Un modèle clandestin structuré et rentable
Travis n’était pas seul. Jason Salazar, 30 ans, de Clovis, et Audricus Phagnasay, 25 ans, de Fresno, ont été condamnés en même temps que lui. Tous trois ont plaidé coupable de complot en vue de commettre une fraude par voie électronique. Eux aussi ont laissé des Nord-Coréens exploiter leur identité et recevoir des ordinateurs portables d’entreprise.

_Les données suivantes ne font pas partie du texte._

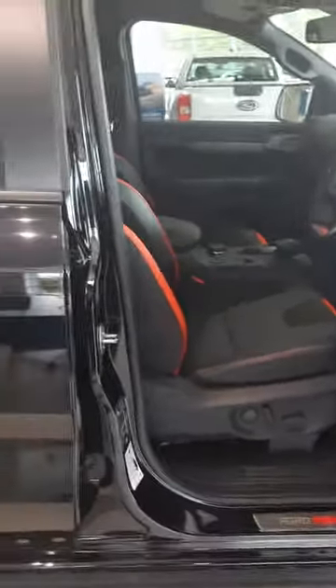This vehicle comes with seven drive modes: Normal, Sport, Slippery, Mud, Sand, Badger, and Rock Crow.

Selon l’accusation, Phagnasay a perçu au moins 3 450 $ et son nom a servi à faire embaucher des informaticiens nord-coréens dans dix entreprises américaines entre 2019 et 2021. Les revenus générés par ces emplois atteignent collectivement 680 000 $. Salazar, de son côté, a reçu 4 500 $ et son identité a permis de produire plus de 400 000 $ entre septembre 2020 et octobre 2022. Les deux hommes ont été condamnés à trois ans de probation et devront restituer les sommes encaissées en leur nom.

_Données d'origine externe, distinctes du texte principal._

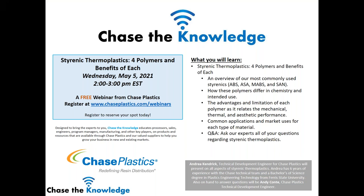Hello and welcome to Chase Plastics' Chase the Knowledge webinar on styrenic thermoplastics for polymers and the benefits of each. My name is Sherry Cudd and I am the advertising and marketing manager for Chase Plastics. Thank you all for your interest in this webinar and for taking time out of your day to learn about styrenic thermoplastics.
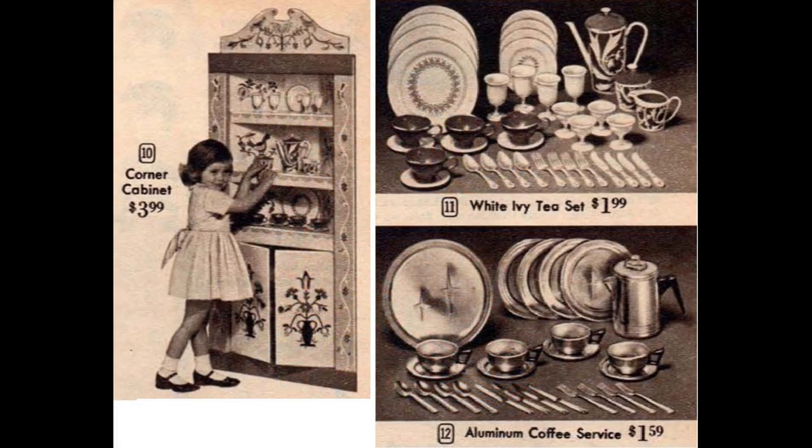This corner cabinet has plenty of room to store all your dishes — it was made of cardboard with a Pennsylvania Dutch design. The white ivy tea set at upper right was a more basic set; the description says it's metal and plastic but doesn't specify which pieces are which. Below that is the Chilton Ware Aluminum Coffee Service, which includes a percolator and serving tray but no creamer and sugar bowl, so hopefully your toddler likes her coffee black.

L’ensemble du système a rapporté environ 1,3 million $. Le calcul, ici, ne décrit pas seulement l’ampleur financière. Il donne la mesure d’un modèle industriel. Des identités américaines sont prêtées ou louées. Des entretiens sont franchis. Des postes sont obtenus. Des machines sont livrées. Puis le travail est réalisé, ou simulé, à distance depuis l’étranger. À chaque étape, la chaîne repose sur la fragmentation des contrôles entre recruteurs, services de conformité, équipes IT et banques.
Margaret Heap, procureure américaine du district sud de la Géorgie, résume l’enjeu en des termes explicites. Le programme de travailleurs informatiques nord-coréens représente un « défi important pour notre sécurité nationale ». Elle ajoute : « Ces hommes ont pratiquement donné les clés du royaume en ligne à des travailleurs nord-coréens expatriés, probablement des techniciens cherchant à générer des revenus illicites pour le gouvernement nord-coréen – le tout en échange de ce qui leur apparaissait comme de l’argent facile ».
La formule est forte, et le dossier lui donne du poids. Depuis cinq ans, les autorités américaines démantèlent progressivement cette main-d’œuvre informatique clandestine, en perturbant des fermes d’ordinateurs portables et en arrêtant les Américains impliqués. Selon le texte fourni, le régime nord-coréen a ainsi engrangé des centaines de millions de dollars grâce à l’embauche illégale de ses ressortissants par des entreprises américaines et européennes.
Les travaux de chercheurs de Flare et d’IBM renforcent cette lecture. Ils ont mis au jour de nombreux messages et documents internes attribués à ces travailleurs, révélant l’organisation du système et ses hiérarchies. Les informaticiens concernés seraient recrutés dans des universités prestigieuses, soumis à une sélection rigoureuse, puis intégrés à un dispositif présenté comme stratégique pour le pouvoir nord-coréen. Le rapport souligne aussi que de nombreux complices aux États-Unis et en Europe sont approchés via LinkedIn et GitHub. Certains, « volontairement ou non, communiquent leur identité pour être utilisée dans le cadre d’une escroquerie visant à se faire passer pour des travailleurs du secteur informatique ».